Working from the records below, repeat exactly the lines starting at the line that contains "Men's Scott Shearling Coat" and ending at the line that contains "Lewk Desing Positivity Scarf", inclusive.

Short descriptive text snippets
*** Block opens ***
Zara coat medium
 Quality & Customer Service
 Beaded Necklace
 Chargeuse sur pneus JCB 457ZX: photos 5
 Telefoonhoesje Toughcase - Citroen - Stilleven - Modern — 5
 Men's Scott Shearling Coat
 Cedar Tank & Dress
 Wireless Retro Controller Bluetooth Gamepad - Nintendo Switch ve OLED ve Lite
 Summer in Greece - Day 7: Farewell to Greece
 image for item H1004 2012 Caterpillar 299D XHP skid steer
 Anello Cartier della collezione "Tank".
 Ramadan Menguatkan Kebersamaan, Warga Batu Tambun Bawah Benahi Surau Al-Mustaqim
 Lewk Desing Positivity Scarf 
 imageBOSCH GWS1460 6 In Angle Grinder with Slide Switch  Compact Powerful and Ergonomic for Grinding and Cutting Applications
*** Block closes ***
## [Result for this task]
 Men's Scott Shearling Coat
 Cedar Tank & Dress
 Wireless Retro Controller Bluetooth Gamepad - Nintendo Switch ve OLED ve Lite
 Summer in Greece - Day 7: Farewell to Greece
 image for item H1004 2012 Caterpillar 299D XHP skid steer
 Anello Cartier della collezione "Tank".
 Ramadan Menguatkan Kebersamaan, Warga Batu Tambun Bawah Benahi Surau Al-Mustaqim
 Lewk Desing Positivity Scarf 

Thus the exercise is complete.